A New Easily Digested Summary on Climate Actions

June 14th, 2005

Posted by: admin

Thank god for the colored fishwrap. If the USA Today hadn’t told me today that “The debate is over: Globe is warming” (link), I’d have to keep posting on Prometheus, hunting for nuggets of insight on the current state of consensus.

My snickering on USA Today headline writing aside (I think I prefer The Onion), Dan Vergano does a decent job of summing up some recent corporate attitudes and actions on climate change. None of it is surprising; a few of us had expected the American corporate machine to start moving on climate change when they realized that their international business interests were at stake post-Kyoto (link). But the article tries to go inside the heads of some affected corporations and includes this pearl from Big Coal:

” ‘On the business side, it just looks like climate change is not going away,’ says Kevin Leahy of Cinergy, a Cincinnati-based utility that reports $4.7 billion in annual revenue and provides electricity, mostly generated from coal, to 1.5 million customers. Most firms see global warming as a problem whose risks have to be managed, he says. ”

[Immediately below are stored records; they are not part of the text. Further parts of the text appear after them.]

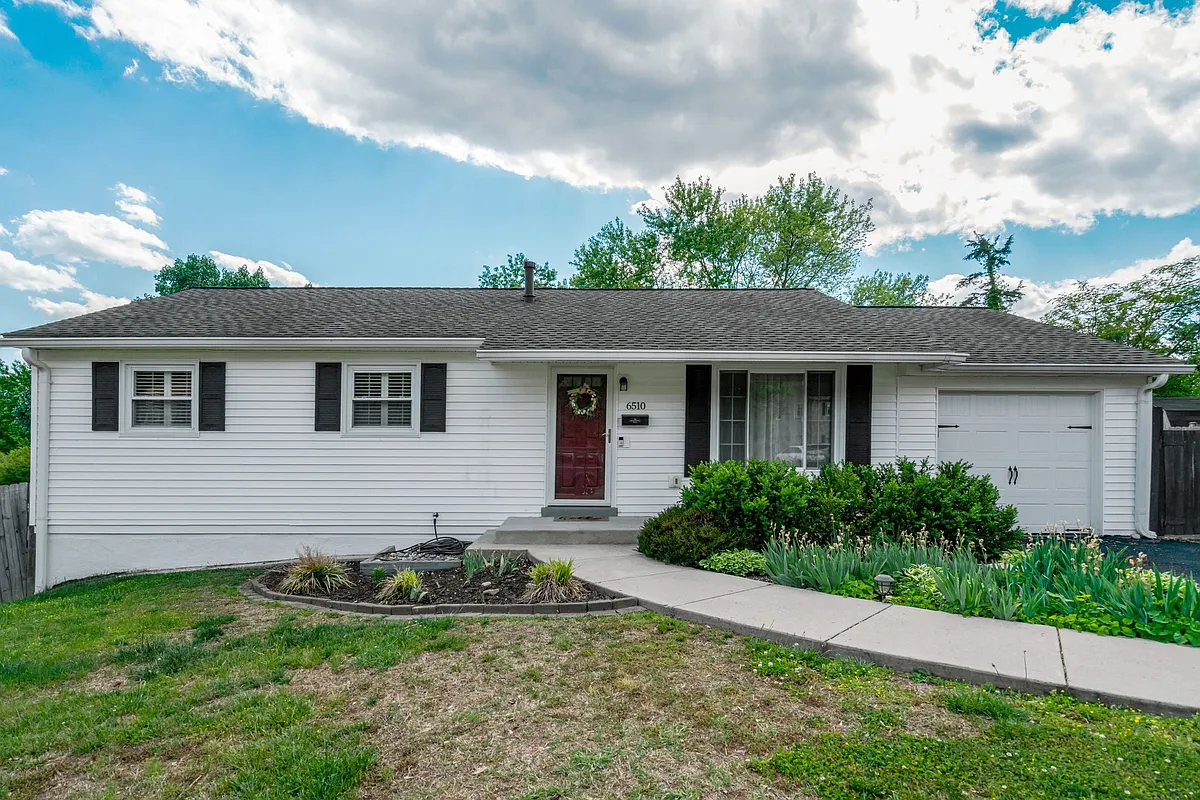 Building Photo - 6510 Carriage Dr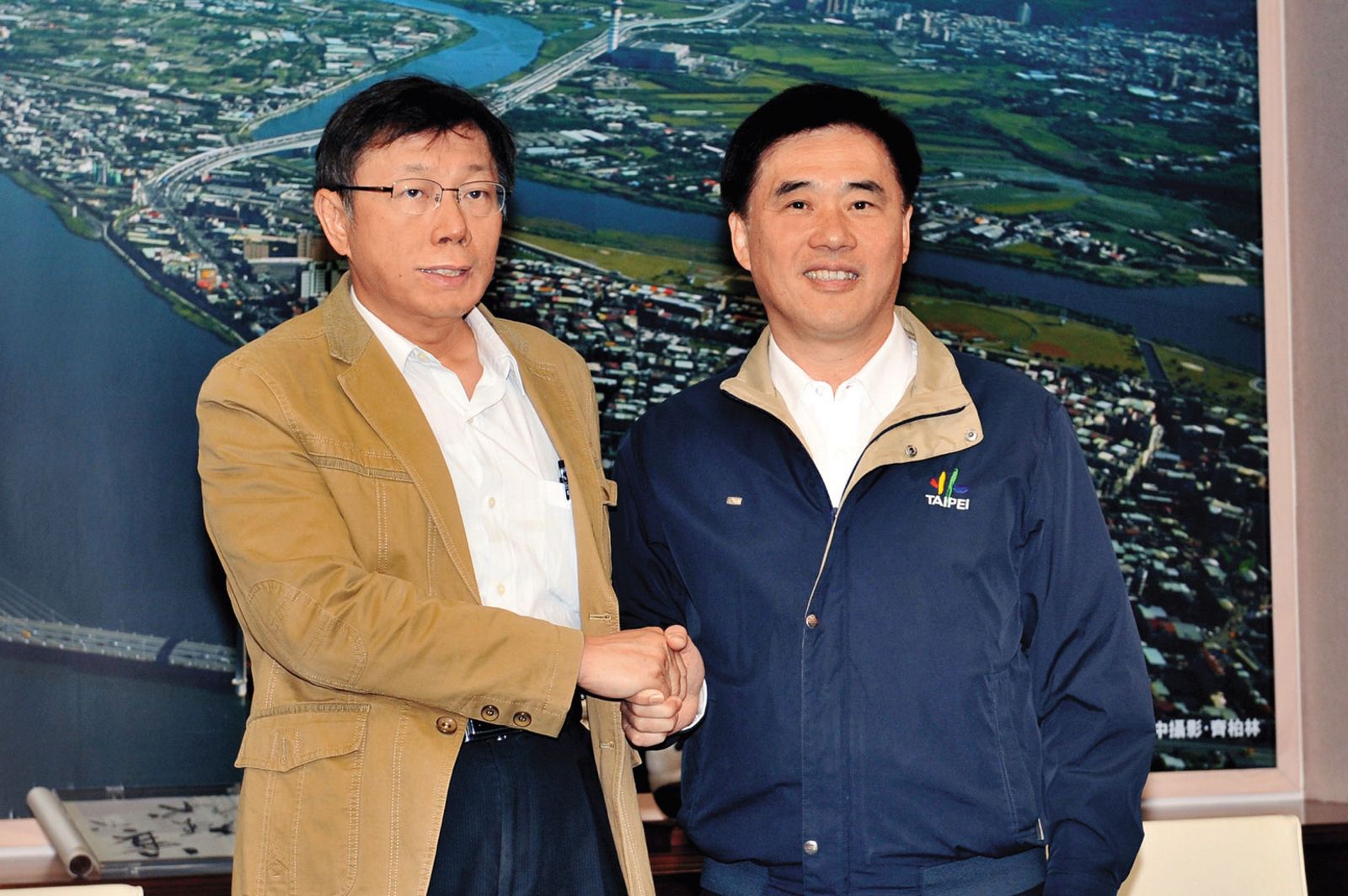 郝龍斌承諾若當選主席將拜會柯文哲，推進藍白合。圖為2014年柯文哲當選台北市長拜會郝龍斌。（翻攝台北市府官網）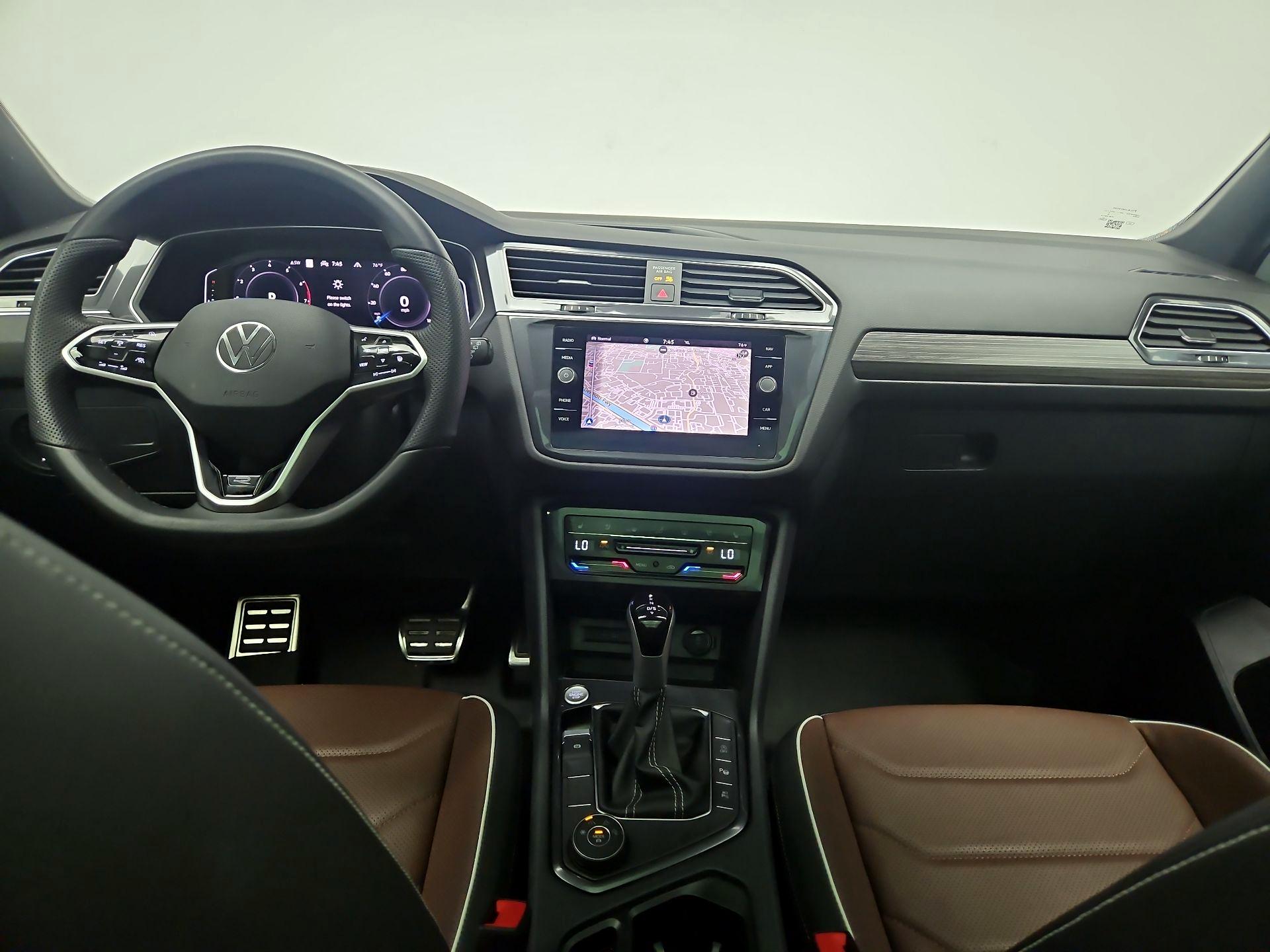 Thumbnail: 2024 Volkswagen Tiguan - 8
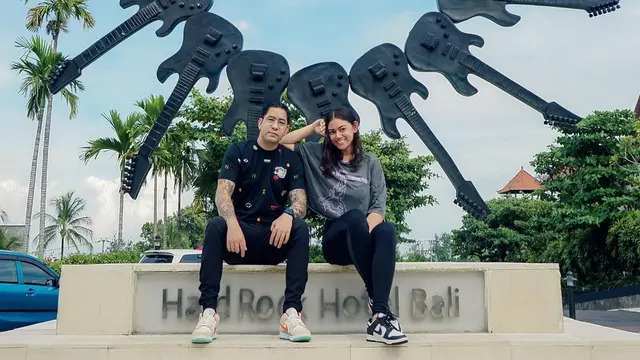 6 Potret Mesra Thalita Latief Bersama Kekasih yang Tengah Liburan di Bali
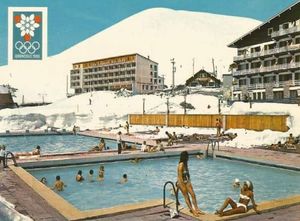 Dolce Vita à la piscine découverte de l'Alpe d'Huez 1968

This is what some climate/science policy people have been saying for a while. We’re beyond the science and now into the risk realm. That is, we’ve identified a risk, which implies both knowledge and uncertainty. The risk, however you perceive it, isn’t going away. So you better decide whether you want to be proactive or indifferent. This is boilerplate for regular readers of Prometheus, but it is interesting to hear a representative of “the problem” say the same thing.

The article is also interesting for trotting out the now infamous Rick Piltz, attributing to him expertise in energy conservation (he did publish a paper about it in 1989), without really showing whether Vergano actually interviewed Piltz for the article. It will be interesting to watch whether Piltz becomes a recognized and oft-quoted expert on climate change for the next two weeks. (While Revkin gets to sit back and bask in the glory of originality. Nice job, Andy.)